◆ TASK TO CARRY OUT: Output verbatim the lines beginning at the one that contains "A Christmas Carol (2009) REACTION" and ending at the last line of the material, inclusive of both.

◆ DATA SEGMENT:
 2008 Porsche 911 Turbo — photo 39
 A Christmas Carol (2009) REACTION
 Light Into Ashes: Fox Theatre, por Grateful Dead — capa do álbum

◆ TASK ANSWER:
 A Christmas Carol (2009) REACTION
 Light Into Ashes: Fox Theatre, por Grateful Dead — capa do álbum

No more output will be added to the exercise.